This circumstance slightly lessened the intensity of this boycott. In 619 AD, when a few reputable people came forth, this practice, which stemmed from disbelief and a boundless level of stubbornness, was lifted. The community heard that this agreement had now been abolished; thus, they ripped and threw away the sheet containing the boycott’s terms.
In this way, the polytheists were turning away from the heresy and cruelty they had characterized as “an irrevocable decision.” This openly declared the victory of faith over disbelief once more.
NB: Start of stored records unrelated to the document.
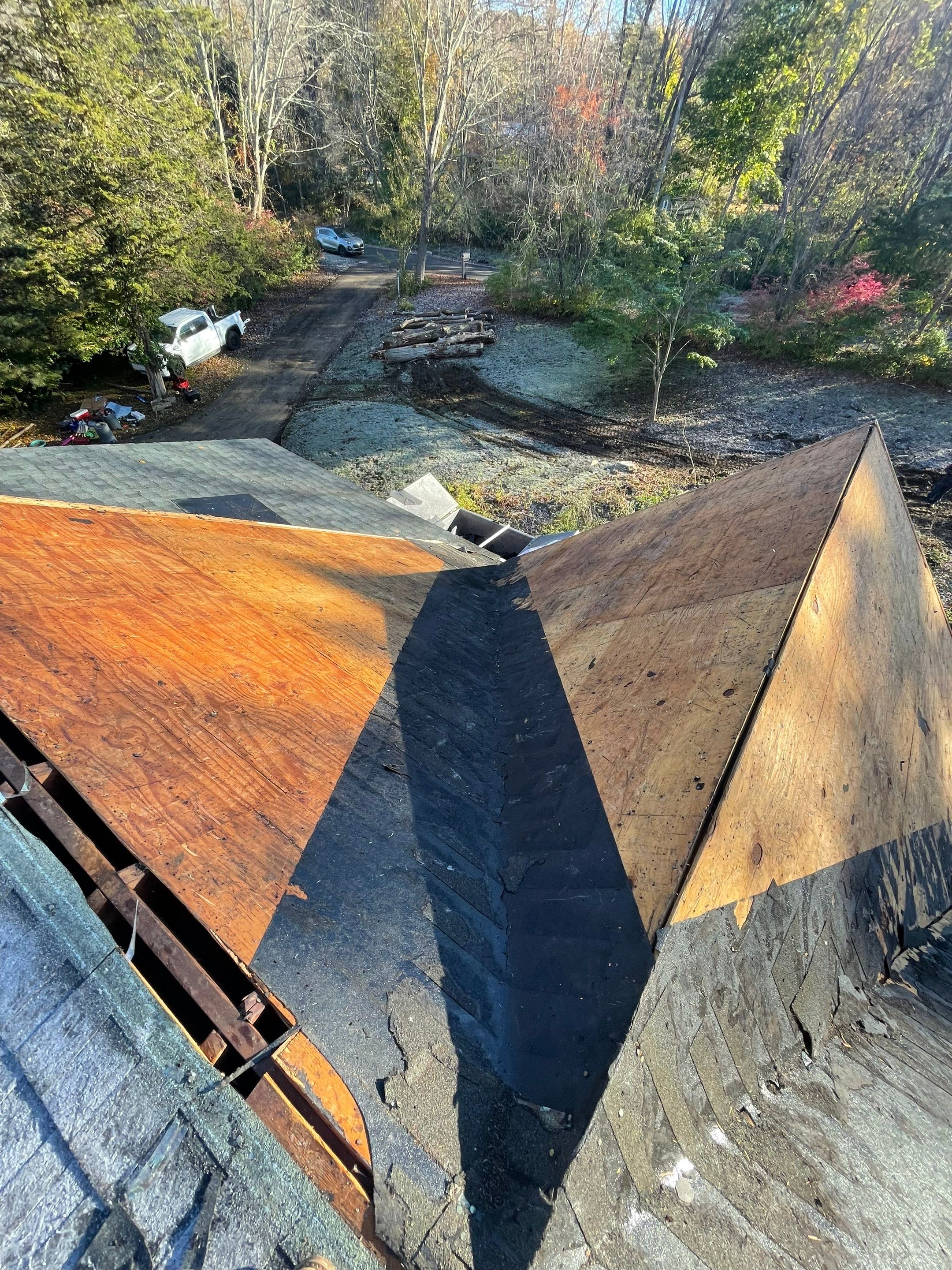 Residential Roofing Installation using Owens Corning TruDefinition Duration AR - Estate Gray & White Double 4 Siding by A Plus Exterior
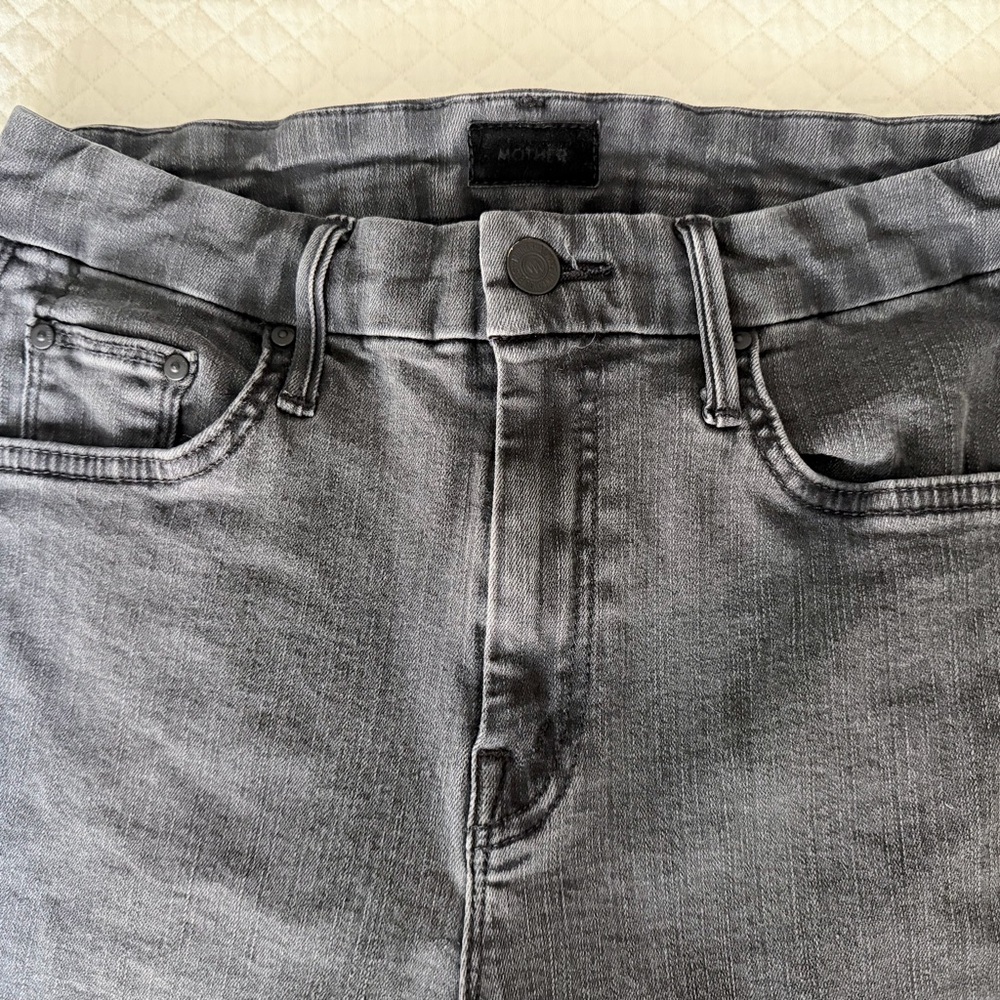 MOTHER High Waisted Looker size 27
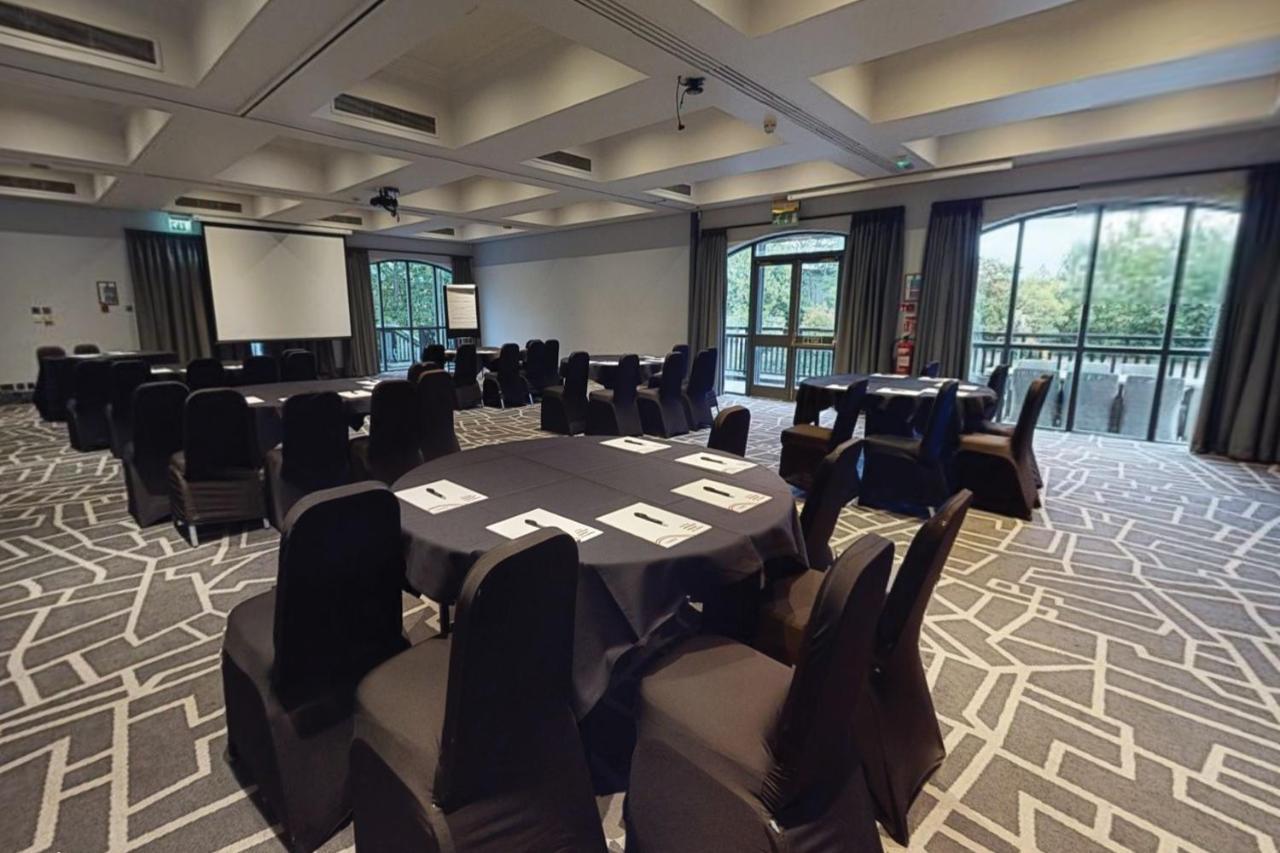 Village Hotel Nottingham Beeston  Extérieur photo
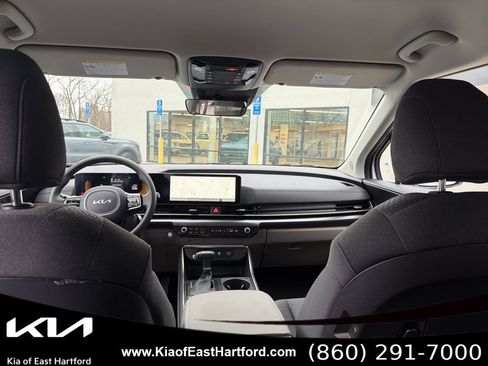 New 2026 Kia Carnival LX FWD image 21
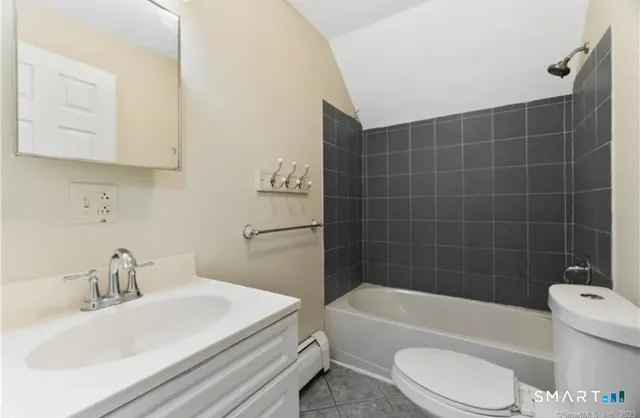 $1,600 | 204 Main Street, Sterling, CT 06377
The three-year blockade was so harsh and grueling that our Holy Prophet (PBUH) never forgot this situation even after the passing of many years. When the time came for Muslims to conquer Mecca and as they were going toward the city from Mina, our Holy Prophet (PBUH) reminded his companions of those difficult days by saying,
“InshAllah (By God), the place that we are going tomorrow, the homeland of the Sons of Kinana, that is Muhassab, where the Qurayshis and sons of Kinana had agreed on unbelief and denial" 5
1. Ibn Hisham, Sirah, V. 1, p. 375; Ibn Sa’d, Tabaqat, V. 1, p. 208-209; Balazuri, Ansab, V. 1, p. 229-230; Tabari, Tarikh, V. 2, p. 225.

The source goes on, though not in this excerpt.